Look below for the line with "PRDX5 / Peroxiredoxin" and the line with "Transthyretin protein,molecular model"; repeat exactly those two lines and all lines between them, but no pictures.

▸ Extracted records:
------------------------------

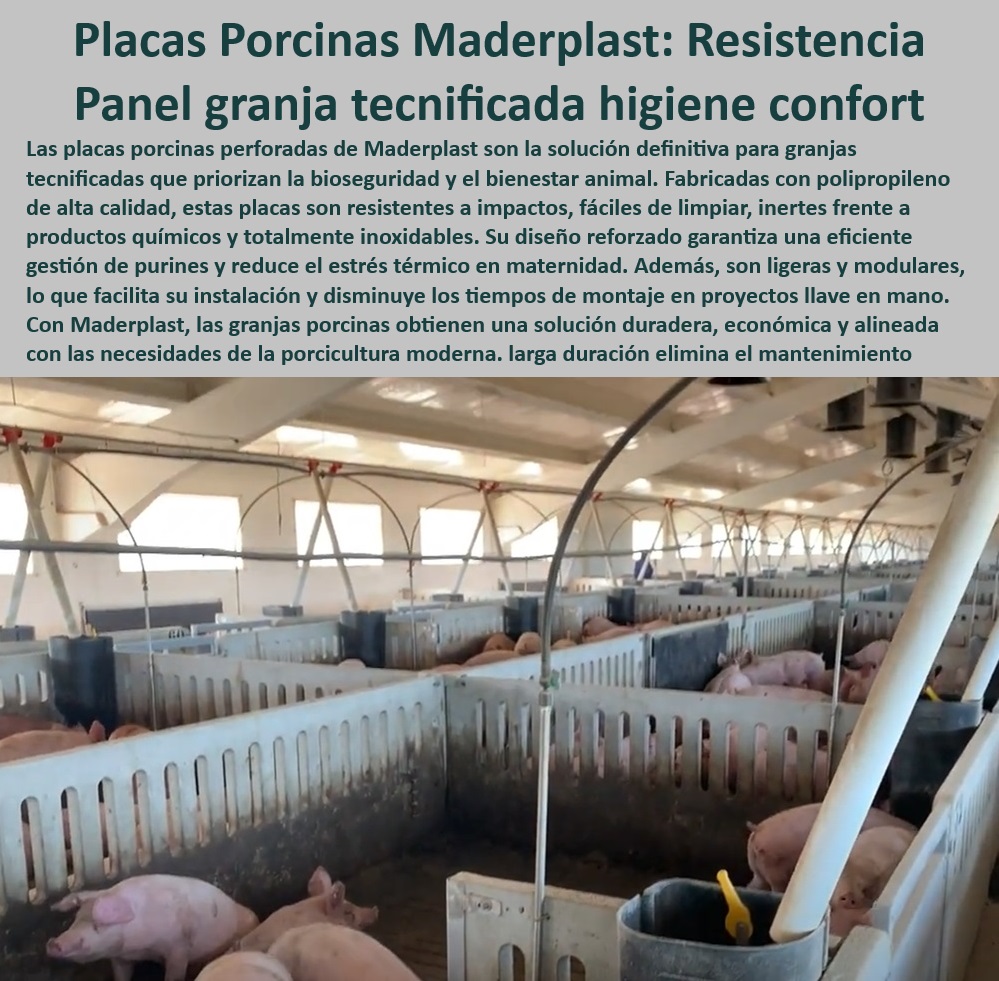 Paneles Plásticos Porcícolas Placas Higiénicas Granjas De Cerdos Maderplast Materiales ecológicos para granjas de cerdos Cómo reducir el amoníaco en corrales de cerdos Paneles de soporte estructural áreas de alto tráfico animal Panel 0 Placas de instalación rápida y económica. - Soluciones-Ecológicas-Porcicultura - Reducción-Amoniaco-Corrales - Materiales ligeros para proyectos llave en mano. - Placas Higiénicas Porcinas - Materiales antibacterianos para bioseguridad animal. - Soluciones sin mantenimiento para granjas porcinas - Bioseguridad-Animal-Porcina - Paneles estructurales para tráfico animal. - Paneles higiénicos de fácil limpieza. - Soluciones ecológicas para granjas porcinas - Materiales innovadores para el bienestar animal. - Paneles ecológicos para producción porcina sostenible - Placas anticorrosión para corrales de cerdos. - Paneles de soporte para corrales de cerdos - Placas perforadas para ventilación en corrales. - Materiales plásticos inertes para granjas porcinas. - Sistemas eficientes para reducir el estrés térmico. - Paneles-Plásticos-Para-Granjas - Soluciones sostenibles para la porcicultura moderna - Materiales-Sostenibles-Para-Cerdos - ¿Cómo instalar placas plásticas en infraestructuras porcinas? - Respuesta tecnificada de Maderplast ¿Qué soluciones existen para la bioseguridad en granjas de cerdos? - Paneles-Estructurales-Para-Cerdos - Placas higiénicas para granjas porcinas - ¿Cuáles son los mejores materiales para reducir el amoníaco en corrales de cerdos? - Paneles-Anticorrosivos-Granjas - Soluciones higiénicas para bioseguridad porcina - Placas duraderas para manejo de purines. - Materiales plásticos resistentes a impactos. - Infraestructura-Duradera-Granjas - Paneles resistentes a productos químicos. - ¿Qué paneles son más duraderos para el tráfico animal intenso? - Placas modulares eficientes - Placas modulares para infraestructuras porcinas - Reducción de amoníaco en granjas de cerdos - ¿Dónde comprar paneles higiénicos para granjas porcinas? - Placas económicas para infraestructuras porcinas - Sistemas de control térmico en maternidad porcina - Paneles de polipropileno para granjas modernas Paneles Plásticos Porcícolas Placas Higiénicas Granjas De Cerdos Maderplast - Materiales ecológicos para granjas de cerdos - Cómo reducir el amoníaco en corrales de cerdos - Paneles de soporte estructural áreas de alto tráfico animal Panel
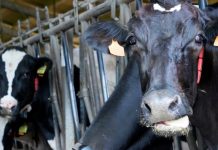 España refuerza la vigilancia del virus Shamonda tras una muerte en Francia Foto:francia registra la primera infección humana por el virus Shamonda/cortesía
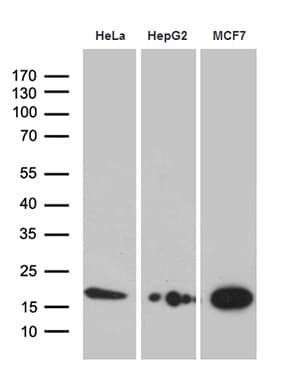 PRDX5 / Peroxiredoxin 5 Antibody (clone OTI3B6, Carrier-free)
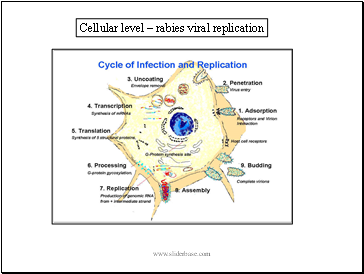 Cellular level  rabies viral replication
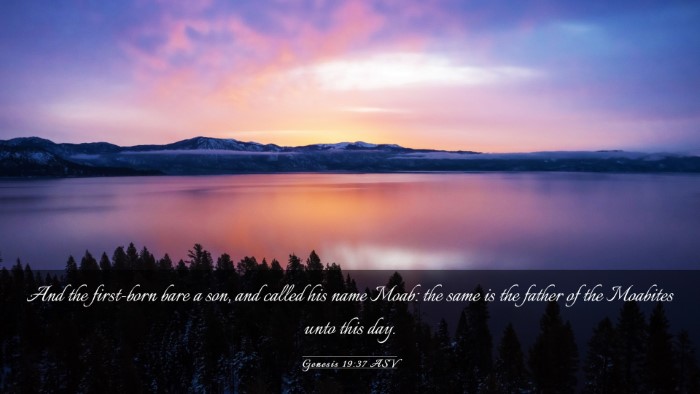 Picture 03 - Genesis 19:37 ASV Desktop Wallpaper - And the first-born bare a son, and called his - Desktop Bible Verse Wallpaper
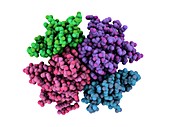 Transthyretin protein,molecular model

------------------------------

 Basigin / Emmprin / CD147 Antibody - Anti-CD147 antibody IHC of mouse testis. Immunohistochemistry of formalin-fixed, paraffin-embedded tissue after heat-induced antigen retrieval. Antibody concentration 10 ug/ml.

------------------------------

▸ Answer box:
 PRDX5 / Peroxiredoxin 5 Antibody (clone OTI3B6, Carrier-free)
 Cellular level  rabies viral replication
 Picture 03 - Genesis 19:37 ASV Desktop Wallpaper - And the first-born bare a son, and called his - Desktop Bible Verse Wallpaper
 Transthyretin protein,molecular model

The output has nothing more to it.